4. Engage Internally
Corinne Gudovic, partner and managing director of Ketchum Home discussed various ways a company can optimize exposure. It is as simple as looking within your own network and company to reach new audiences. Utilize and leverage your internal crew to increase exposure by having employees share earned company news on their social channels. Reach out on LinkedIn or other industry connections and ask them to share a press release or an interesting article. Take note of who else within the company can help you drive the corporate story in the news. If your CEO has exhausted coverage there are likely others who want to share your brand or company’s news. Don’t be afraid to appoint others in the company to share their stories.
5. Pitch UFOs – Unique, First, Only
It’s no secret that breaking news journalists are only interested in compelling newsworthy stories. Don’t get blacklisted by a journalist because you continue to waste their time pitching dull, self-promoting pieces. Monica Teague Clark, senior manager of external media and content strategy at Whirlpool Corporation, stressed the importance of only pitching UFO stories – a story that is Unique, is First, and is the Only story like it. Newsrooms are ALWAYS excited to spot a UFO.
6. When There is No News, Create News
It’s imperative for every PR practitioner or agency to have a system in place to produce coverage even when the client doesn’t necessarily have new news to share. In addition to tracking relevant news cycle, you should constantly look for opportunities to promote product leadership, brand leadership, employee’s expertise, and operational expertise. Find ways to tell corporate stories of your company’s people and principals during a time when the news might be slow.

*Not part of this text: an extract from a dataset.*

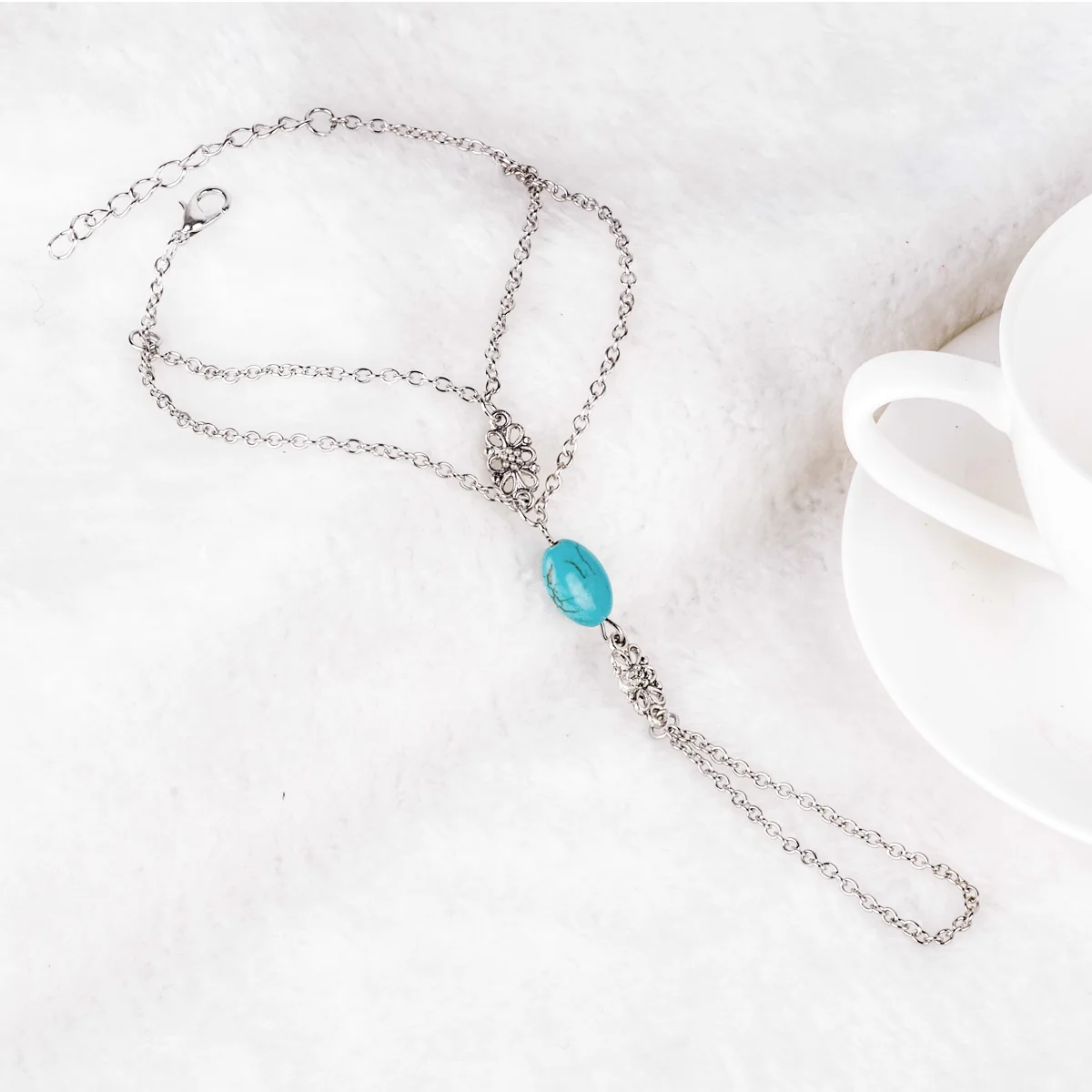 Fashion Chain Bracelet Drop Punk Silver Plated Women Metal Hand Harness Chain Turquoise Beads Slave Finger Ring Boho Jewelry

7. Don’t Ignore Micro-Influencers
“The average influencer engagement rate across industry vehicles is 5.7%. As a comparison, the average engagement rate for brands on Instagram has fluctuated between 2-3% in the past year,” said Kate Finley, Founder and CEO of Belle Communication. As social platforms continue to evolve at a rapid pace, it is important to keep in mind that micro-influencers can be powerful brand advocates. Leveraging small partnerships in today’s digital age can enhance your brand-building campaign.
8. Build a Rapport to Outlast your Campaign
Finley also explained that when cultivating relationships with clients, focus on building a long-term relationship. Establishing credibility is key to securing a lasting reputation. Make yourself indispensable as a PR or communications pro by being dedicated and dependable. This will foster trust which in turn leads to more authentic content and lasting partnerships.
9. Learn From Metrics
The 4 most valuable metrics that PR professionals should utilize for a brand’s perception are, permanence, purchase probability, and economic value. Sam Ruchlewicz, director of digital strategy and data analytics of Warschawski Public Relations urged PR professionals to ask themselves, do the people who hear/see/experience the story think of your brand more favorably? How memorable is your story? Does your story inspire action? And in the end, is the story a profitable endeavor? All these metrics align with the KPI’s the C-suite commonly looks at – profit, sales, customers, credibility, perception, trust, awareness, and thought leadership. Use these metrics to evaluate best practices and strategize for future success. Don’t jumble information or solely rely on vanity metrics in order to impress a client. Be honest and utilize the data to push for progress. In other words, don’t be afraid to pivot based on metric findings, or else you will never learn or improve.